Con la firma del Tratado de Fontainebleau el 27 de octubre de 1807, entre Manuel Godoy, valido del rey español Carlos IV, y Napoleón Bonaparte, se acordaba la invasión militar conjunta de Portugal —aliada de Inglaterra— y, para ello, se permitiría el paso de las tropas francesas por territorio español, lo que sería el germen de la posterior invasión francesa de la Península Ibérica y de la Guerra de la Independencia.

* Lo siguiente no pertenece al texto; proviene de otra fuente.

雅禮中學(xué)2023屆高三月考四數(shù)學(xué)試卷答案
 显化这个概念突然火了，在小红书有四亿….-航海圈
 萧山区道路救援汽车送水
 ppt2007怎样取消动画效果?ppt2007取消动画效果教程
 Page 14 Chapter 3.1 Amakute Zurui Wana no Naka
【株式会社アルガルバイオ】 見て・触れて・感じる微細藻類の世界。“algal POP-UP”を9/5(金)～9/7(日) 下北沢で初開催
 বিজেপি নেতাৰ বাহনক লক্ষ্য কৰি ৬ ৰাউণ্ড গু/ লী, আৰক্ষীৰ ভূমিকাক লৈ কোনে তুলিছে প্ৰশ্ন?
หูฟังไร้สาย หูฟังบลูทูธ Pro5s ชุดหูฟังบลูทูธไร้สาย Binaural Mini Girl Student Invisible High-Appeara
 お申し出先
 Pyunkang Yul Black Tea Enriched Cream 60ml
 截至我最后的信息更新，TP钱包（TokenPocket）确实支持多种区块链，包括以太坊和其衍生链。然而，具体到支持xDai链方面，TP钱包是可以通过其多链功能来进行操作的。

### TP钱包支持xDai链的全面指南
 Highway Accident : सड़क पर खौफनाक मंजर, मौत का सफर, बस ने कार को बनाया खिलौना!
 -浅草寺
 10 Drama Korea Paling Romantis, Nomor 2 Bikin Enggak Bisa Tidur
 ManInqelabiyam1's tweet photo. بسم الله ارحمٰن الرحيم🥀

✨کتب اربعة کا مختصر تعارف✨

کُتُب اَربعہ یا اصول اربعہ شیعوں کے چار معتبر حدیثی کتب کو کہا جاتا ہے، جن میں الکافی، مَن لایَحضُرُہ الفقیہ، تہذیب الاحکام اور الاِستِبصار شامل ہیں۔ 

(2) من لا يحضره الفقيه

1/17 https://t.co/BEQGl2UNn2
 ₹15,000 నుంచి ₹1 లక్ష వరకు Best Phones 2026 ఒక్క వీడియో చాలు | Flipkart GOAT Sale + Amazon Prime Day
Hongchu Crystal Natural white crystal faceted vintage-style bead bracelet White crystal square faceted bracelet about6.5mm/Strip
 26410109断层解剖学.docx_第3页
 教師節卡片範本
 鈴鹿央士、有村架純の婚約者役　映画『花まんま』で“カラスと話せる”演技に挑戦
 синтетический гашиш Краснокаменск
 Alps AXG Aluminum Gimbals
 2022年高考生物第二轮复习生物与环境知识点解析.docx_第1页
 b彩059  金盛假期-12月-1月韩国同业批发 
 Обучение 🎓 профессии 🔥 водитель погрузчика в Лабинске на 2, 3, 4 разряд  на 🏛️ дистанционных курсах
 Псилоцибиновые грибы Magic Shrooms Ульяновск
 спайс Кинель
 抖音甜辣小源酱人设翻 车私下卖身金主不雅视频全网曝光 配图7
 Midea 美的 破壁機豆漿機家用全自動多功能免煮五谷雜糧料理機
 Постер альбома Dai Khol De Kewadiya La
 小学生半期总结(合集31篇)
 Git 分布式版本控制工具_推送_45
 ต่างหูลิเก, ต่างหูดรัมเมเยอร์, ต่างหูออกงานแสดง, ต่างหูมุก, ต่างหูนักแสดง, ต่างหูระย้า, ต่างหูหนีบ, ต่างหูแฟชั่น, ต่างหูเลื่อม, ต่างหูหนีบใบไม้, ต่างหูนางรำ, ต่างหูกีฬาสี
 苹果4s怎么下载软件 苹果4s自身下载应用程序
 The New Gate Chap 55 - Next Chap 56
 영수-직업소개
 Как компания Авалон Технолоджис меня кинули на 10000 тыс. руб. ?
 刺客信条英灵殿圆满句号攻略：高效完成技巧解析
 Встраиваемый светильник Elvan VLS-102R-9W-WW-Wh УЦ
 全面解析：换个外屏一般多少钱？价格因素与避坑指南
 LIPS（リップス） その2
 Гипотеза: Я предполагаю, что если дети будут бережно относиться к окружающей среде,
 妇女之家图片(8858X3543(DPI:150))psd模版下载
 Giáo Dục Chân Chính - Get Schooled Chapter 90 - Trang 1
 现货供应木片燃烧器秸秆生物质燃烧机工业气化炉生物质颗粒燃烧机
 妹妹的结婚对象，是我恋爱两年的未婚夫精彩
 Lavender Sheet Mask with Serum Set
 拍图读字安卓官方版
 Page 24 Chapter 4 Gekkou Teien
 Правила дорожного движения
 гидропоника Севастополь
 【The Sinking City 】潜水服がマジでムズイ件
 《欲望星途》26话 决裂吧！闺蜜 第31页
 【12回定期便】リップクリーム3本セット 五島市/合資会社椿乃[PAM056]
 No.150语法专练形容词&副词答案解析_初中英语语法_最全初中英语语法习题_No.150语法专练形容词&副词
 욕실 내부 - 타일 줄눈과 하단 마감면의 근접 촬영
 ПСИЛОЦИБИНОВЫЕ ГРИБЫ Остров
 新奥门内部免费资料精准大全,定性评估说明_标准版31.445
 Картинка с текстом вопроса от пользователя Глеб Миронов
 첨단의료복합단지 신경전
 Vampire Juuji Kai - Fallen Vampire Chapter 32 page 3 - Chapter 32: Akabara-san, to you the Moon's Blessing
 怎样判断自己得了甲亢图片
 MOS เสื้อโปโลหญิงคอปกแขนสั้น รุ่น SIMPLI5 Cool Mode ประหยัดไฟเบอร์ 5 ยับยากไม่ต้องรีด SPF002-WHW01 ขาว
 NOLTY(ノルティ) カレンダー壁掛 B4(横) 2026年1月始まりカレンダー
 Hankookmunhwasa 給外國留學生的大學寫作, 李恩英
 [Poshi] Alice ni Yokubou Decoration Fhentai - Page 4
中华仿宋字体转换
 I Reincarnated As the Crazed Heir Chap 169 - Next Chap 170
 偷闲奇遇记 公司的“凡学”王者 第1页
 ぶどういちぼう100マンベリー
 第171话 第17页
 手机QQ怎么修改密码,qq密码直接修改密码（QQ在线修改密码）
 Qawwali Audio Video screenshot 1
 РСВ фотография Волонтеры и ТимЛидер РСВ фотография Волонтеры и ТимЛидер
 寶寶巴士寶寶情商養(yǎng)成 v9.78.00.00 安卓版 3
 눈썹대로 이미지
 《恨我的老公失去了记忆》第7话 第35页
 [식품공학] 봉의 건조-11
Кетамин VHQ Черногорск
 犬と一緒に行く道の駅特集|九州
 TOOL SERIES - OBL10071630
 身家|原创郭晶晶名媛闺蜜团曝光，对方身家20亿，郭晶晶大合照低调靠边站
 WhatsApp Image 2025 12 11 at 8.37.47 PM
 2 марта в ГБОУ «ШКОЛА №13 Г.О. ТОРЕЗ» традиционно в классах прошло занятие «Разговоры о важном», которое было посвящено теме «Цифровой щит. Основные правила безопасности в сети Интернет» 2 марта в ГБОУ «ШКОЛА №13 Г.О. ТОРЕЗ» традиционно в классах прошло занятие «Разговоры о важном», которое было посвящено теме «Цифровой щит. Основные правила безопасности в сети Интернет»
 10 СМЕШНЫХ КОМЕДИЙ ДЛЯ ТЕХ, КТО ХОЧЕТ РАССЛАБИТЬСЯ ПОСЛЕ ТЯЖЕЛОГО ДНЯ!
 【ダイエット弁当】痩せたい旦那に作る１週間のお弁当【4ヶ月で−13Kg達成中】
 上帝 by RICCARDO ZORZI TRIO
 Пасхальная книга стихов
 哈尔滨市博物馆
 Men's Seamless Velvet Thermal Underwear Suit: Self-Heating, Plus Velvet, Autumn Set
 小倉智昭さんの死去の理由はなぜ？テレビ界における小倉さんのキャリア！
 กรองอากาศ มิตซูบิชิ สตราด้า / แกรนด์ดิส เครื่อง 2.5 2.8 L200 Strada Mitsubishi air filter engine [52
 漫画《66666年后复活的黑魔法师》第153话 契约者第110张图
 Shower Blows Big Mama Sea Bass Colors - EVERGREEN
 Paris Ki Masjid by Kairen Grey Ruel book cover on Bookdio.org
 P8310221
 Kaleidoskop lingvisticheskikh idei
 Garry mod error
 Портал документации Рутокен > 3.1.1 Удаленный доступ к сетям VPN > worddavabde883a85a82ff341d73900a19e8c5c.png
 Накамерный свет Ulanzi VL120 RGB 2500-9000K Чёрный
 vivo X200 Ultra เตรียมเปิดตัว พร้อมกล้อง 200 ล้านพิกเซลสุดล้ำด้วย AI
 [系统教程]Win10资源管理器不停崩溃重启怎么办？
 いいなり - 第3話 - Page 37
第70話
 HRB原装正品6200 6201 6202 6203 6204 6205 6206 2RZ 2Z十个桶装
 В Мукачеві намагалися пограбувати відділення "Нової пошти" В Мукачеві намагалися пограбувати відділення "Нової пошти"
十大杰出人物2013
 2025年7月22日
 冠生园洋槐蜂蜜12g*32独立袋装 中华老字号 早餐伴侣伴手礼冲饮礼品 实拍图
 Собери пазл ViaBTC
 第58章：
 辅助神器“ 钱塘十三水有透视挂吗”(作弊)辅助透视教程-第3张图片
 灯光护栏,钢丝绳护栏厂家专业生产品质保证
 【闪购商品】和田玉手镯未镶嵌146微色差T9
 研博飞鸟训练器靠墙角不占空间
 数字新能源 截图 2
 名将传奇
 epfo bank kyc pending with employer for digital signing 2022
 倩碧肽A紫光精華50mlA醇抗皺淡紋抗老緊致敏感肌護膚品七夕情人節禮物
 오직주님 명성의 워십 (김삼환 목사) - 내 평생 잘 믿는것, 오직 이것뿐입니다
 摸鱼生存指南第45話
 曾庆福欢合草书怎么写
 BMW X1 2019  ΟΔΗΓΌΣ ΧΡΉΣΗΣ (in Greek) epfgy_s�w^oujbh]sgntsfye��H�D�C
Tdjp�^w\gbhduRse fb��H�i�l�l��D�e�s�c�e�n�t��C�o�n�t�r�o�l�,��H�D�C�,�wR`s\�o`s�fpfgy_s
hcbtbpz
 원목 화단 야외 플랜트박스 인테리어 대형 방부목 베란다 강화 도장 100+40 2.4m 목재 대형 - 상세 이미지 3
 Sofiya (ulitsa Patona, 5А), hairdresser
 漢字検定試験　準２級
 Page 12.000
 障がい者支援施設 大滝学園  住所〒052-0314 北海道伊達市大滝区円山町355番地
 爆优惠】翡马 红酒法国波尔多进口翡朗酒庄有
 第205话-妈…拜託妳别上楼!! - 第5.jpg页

En 1808 un contingente de dos mil soldados francesas al mando del general D’Armagnac, atravesaba Roncesvalles y, tras una dura marcha bajo condiciones climatológicas adversas, el 8 de febrero llegaron a Pamplona para descansar y seguir luego camino hasta Portugal. Aunque, en teoría y según el tratado firmado, eran aliados de los españoles, la población de Pamplona recelaba de aquella «invasión pacífica» y en la que, para colmo, debían contribuir con el avituallamiento y alojamiento. Y estaban en lo cierto, porque D’Armagnac había recibido órdenes del mariscal Murat para tomar la Ciudadela.

Pamplona

Cuando el general francés se entrevistó con el marqués de Vallesantoro, virrey y capitán general de Navarra, para poder acantonar parte de su tropas dentro de la Ciudadela, éste le dio largas diciendo que para ello necesitaba la autorización desde Madrid. Visto que la diplomacia francesa no había resultado suficiente, D’Armagnac se decidió por la estrategia. Se reunió con el capitán Robert y planificaron el plan de ataque. La noche del 15 al 16 de febrero, Robert y un grupo de cien soldados, aparentemente desarmados pero elegidos de entre lo mejor de las tropas francesas, se dirigieron, como hacían todos los días, a recoger sus raciones de pan a las puertas de la Ciudadela. Aprovechando que la nevada caída había cuajado, la mitad de ellos comenzó una guerra de bolas de nieve. La guarnición que defendía la Ciudadela, un pequeño contingente de voluntarios poco dispuestos y menos preparados para las artes de la guerra, se mofaban de aquella inusual batalla, momento que aprovecharon el resto de los franceses para desarmar a los defensores y tomar la Ciudadela sin un solo disparo.

Ciudadela

Y hablando de bolas de nieve, también tenemos otra particular batalla con estos proyectiles en plena Guerra de Secesión o guerra civil estadounidense (1861-1865). En diciembre de 1862, Ambrose E. Burnside, general de la Unión, ordenó cruzar el río Rappahannock a la altura de Fredericksburg (Virginia) para poder atacar Richmond, la capital de los confederados. A duras penas, consiguieron atravesar el Rappahannock, pero todavía faltaba lo peor: el general de los confederados, Robert Lee, había situado el grueso de su ejército parapetado en las colinas frente a Fredericksburg. Solo tuvieron que esperar a que los unionistas saliesen del río y comenzar el tiro al pichón. El ejército de la Unión sufrió una severa derrota con más de doce mil bajas entre heridos, prisioneros y muertos. Tras aquella victoria, las tropas de Lee se acuartelaron para pasar el invierno.

Cruzando el Rappahannock

Aquel invierno fue muy duro, con temperaturas muy bajas y copiosas nevadas que apenas les permitían salir de los barracones, y ya se sabe que mantener a la tropa acuartelada y ociosa durante mucho tiempo provoca tensiones y enfrentamientos. El 25 de febrero de 1863 amaneció soleado y todos los soldados salieron a disfrutar de aquella tregua climatológica. Comenzaron a jugar con la nieve, algunos bolazos por aquí, algún muñeco de nieve por allá, hasta que el general Hoke, al frente de las tropas de Carolina del Norte, para distraer a los soldados decidió organizar un ataque al campamento del coronel Stiles, oficial al mando de las tropas de Georgia. Se aprovisionaron de artillería y atacaron. La ofensiva pilló por sorpresa a los georgianos y recibieron una buena paliza hasta que lograron reagruparse y repeler el asalto. El general Hoke se retiró con sus hombres después de un rato de entretenimiento, pero Stiles resolvió que aquello no podía quedar así.

Reunió a los suyos y preparó una rápida respuesta. Hoke, que sabía que a Stiles no le gustaba perder ni a las canicas, organizó su defensa. Cuando Stiles llegó, ambas compañías cruzaron fuego de artillería nívea durante un buen rato, el problema era que lo que se inició como una broma se convirtió en algo más serio cuando los soldados comenzaban a sangrar, retorcerse de dolor por fracturas de huesos… (muchos de los proyectiles ya no solo eran de nieve, en su interior llevaban piedras). Ante el cariz que estaban tomando las cosas, Hoke y Stiles decidieron terminar la batalla en la que intervinieron diez mil soldados confederados. A pesar de todo, las tropas agradecieron romper la rutina.